HES projesi ve baraj yapımı nedeniyle su altında kalacak ilçe merkezinin yeni yerleşim yerine taşınma süreci başlayan Artvin'in Yusufeli ilçesinde, esnaf ve vatandaşlar, konut ve dükkan kiralarının çok pahalı olması, inşaatların devam etmesi ve okul sorunu nedeniyle tepkili. İlçede esnaflık yapan İbrahim Demirkıran, "Buradan yukarıya çıktığımızda bir gram toprak yok biz ne yapacağız?" diye sordu. Esnaf İlhan Şeker ise "Şu anda esnaf büyük bir belirsizlik içerisinde yukarıda ticaret olacak mı, olmayacak mı herhangi bir fikri yok. Büyük beklentileri de yok yukarıyla ilgili çünkü görünen manzara iç açıcı değil" diye konuştu.

Baraj ve HES projesi nedeniyle sular altında kalacak Artvin’in Yusufeli ilçe merkezinin yeni yerleşim yerine taşınma süreciyle ilgili tartışmalar sürüyor. Esnaf ve yurttaşlar, yeni yerleşim merkezinde sorunlarının artacağını belirtiyor.

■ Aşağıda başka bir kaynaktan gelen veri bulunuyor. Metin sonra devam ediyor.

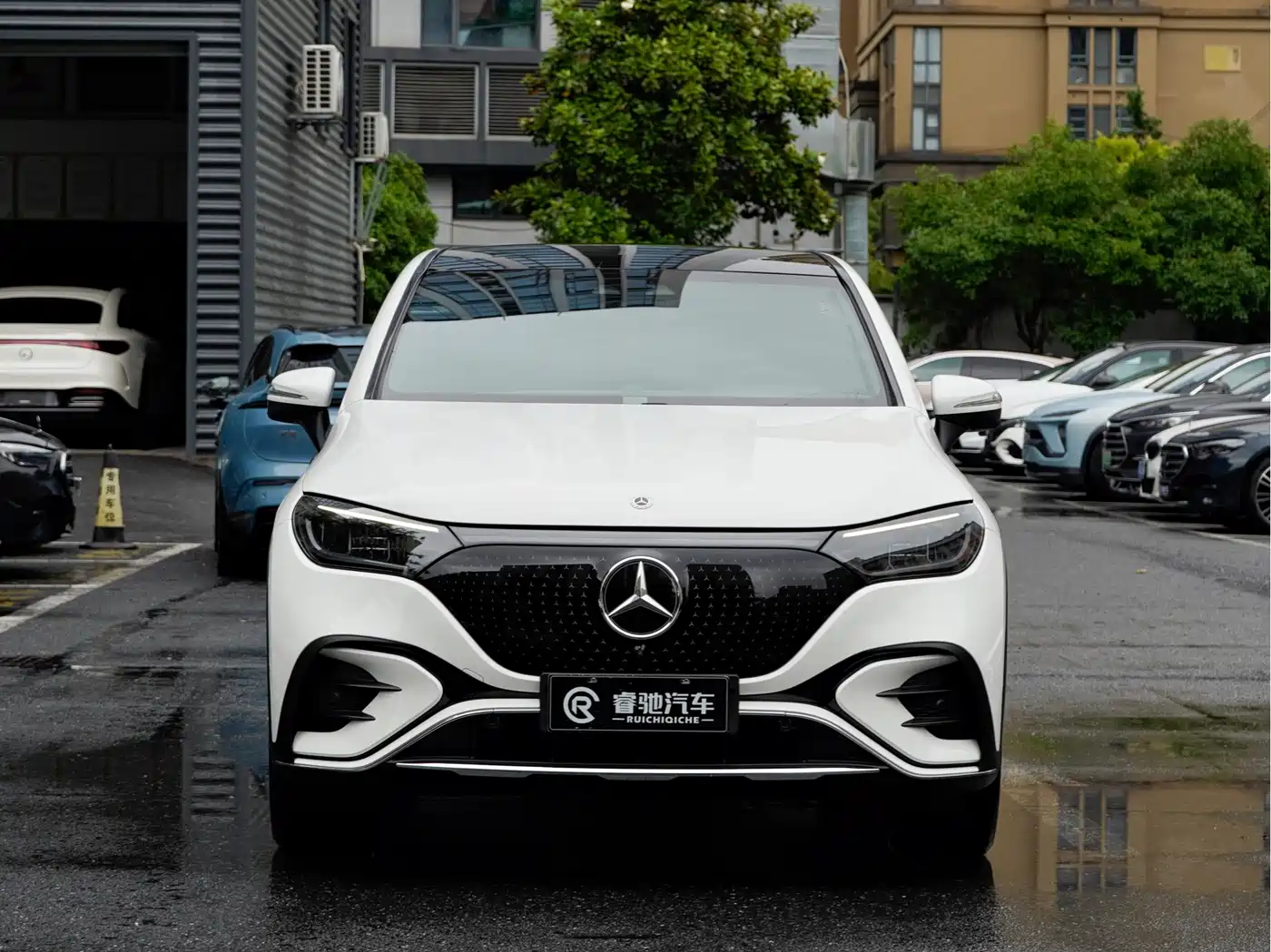 Mercedes-Benz EQE SUV 2024 500 4MATIC Luxury Edition фото 2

Konuya ilişkin ilçe sakinlerinden İlhan Şeker şunları söyledi:

"Şu anda esnaf büyük bir belirsizlik içerisinde yukarıda ticaret olacak mı, olmayacak mı herhangi bir fikri yok. Büyük beklentileri de yok yukarıyla ilgili çünkü görünen manzara iç açıcı değil. O yüzden esnafı bekleyen bir karamsarlık var. Esnafın tabi kredi borçları var, milletin şu anda bağlı olduğu borçlandırmaları var. Yusufeliler yukarıda iş olmayınca nasıl olacak, nasıl ödeyecekler? Yani millet şu anda hiçbir şekilde bilmiyor ve önünü göremiyor. İkili yaşam süreci ilçeye büyük bir ihanettir. İkili yaşamda hem yukarıda yeni bölgede ve alt bölgede oluşacak yaşam büyük bir kaos doğuracaktır. Buradaki yaşamda kömürümüzü biz altta mı alacağız, üstte mi alacağız? Diyelim ki 10 dairelik bir apartmanda yaşıyoruz, beşimiz yukarı çıktı ve biz altta 5 daire kalınca burada kalınca ısınmamızı nasıl sağlayacağız? Isınmamız mümkün değil, kömür yakmamız burada mümkün değil ve bu sefer de çok büyük zorluklarla karşı karşıya geleceğiz ve ne yapacağımızı da bu noktada bilmiyoruz.”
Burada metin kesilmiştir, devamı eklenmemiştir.